O Sr. Avila, meu respeitavel amigo, e que me merece particular consideração por muitos titulos, n'outro dia, quando fallou, ainda que de passagem nesta questão, disse, que esta Junta não tinha direito para interpretar o Decreto Eleitoral de 30 de Setembro; e eu estou perfeitamente de accôrdo com S. Ex.ª, se fallou da interpretação authentica porque nem a Junta, em quanto Preparatoria, nem depois de constituida em Camara, nem a Camara dos Dignos Pares, nem outro algum Poder Politico tem este direito, senão só e exclusivamente o Poder Legislativo; isto é, os Corpos Collegislativos com a Sancção Regia. Mas, se S. Ex.ª fallou da interpretação doutrinal, como parece, peço venia a S. Ex.ª para dissentir da sua opinião; porque estou convencido, que deste direito da interpretação não póde ser privado um simples particular, que quer intender a Lei, e muito menos a Junta Preparatoria, que tem de applical-a ás especies de constituição da Junta, da validade, e nullidade das eleições dos Deputados eleitos, e em outras muitas, que se comprehendem debaixo das suas attribuições legaes. Isto posto para se saber bem o sentido do artigo 102.º do Decreto Eleitoral, é mister interpretal-o doutrinalmente para evitar absurdos, e conflicto ou collisão com outras Leis, e dar-lhe uma interpretação lala para se corresponder á intenção do Legislador, que é o espirito da Lei (Apoiados) como vou mostrar.

Nunca uma Lei é cousa ociosa; pertende-se por ella alguma cousa; ella serve de meio para se conseguir algum fim. (Apoiados) Sendo isto assim; que é o que se pertendeu neste artigo? Porque apparece elle sómente neste Decreto, e não n'outros muitos que o tem precedido? Qual foi o motivo, que tornou necessaria esta disposição regimental? E facil saber.
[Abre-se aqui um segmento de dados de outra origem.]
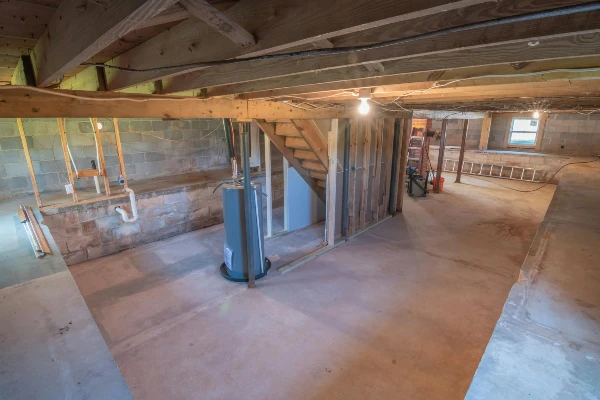 Basement with sump pump Basement with sump pump
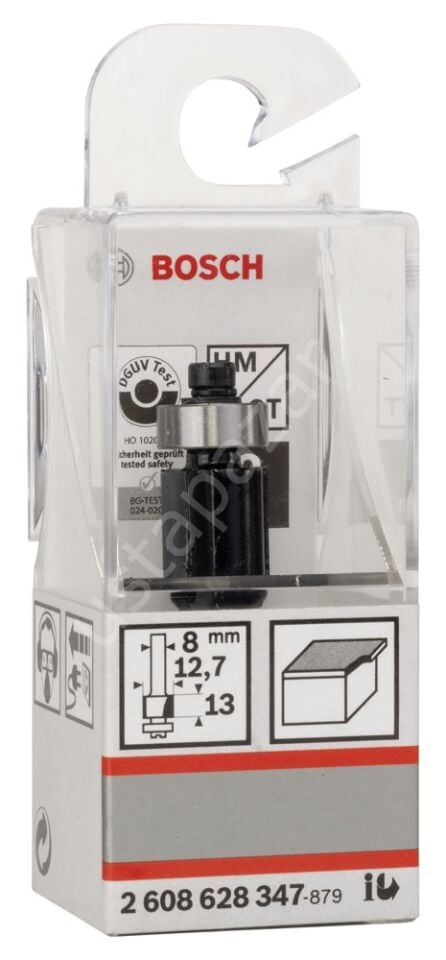 Bosch - Standard Seri Laminant İçin Çift Oluklu, Sert Metal Bilya Yataklı Freze Ucu 8*12,7*56 mm 2608628347
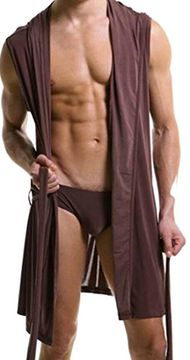 portada Fllay Men'S Thin Open Front Sleeveless Bandage Fashion Robe set 1 l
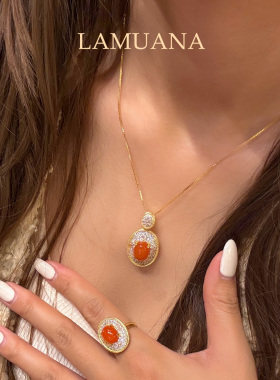 LAMUANA【轻奢彩宝】天然南红玛瑙星盘系列S925银红色项链94935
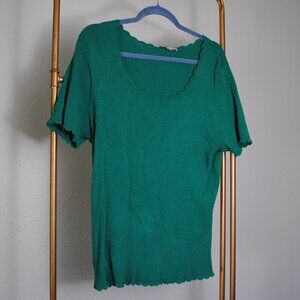 Detailed Trim Teal Blouse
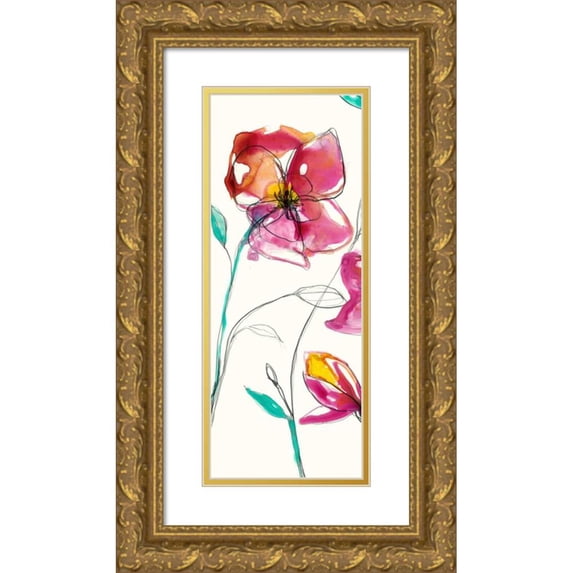 Goldberger, Jennifer 9x18 Gold Ornate Wood Framed with Double Matting Museum Art Print Titled - Inked Floral I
Na Junta Preparatoria da Camara dissolvida não se attendeu a Proposta, de que para funccionar a Junta bastava o numero, que correspondesse ao de metade e mais um das eleições já realisadas, com deducção das eleições reiteradas, da qual opinião fui tambem eu, mas resolveu-se que era necessaria para a constituição da Junta a presença de metade e mais um do numero total dos Deputados que devem compor a Camara, entrando neste numero os Deputados pelas Ilhas, e pelo Ultramar, com quanto se soubesse, que nessas provincias não tenha havido eleições, pela certeza do tempo.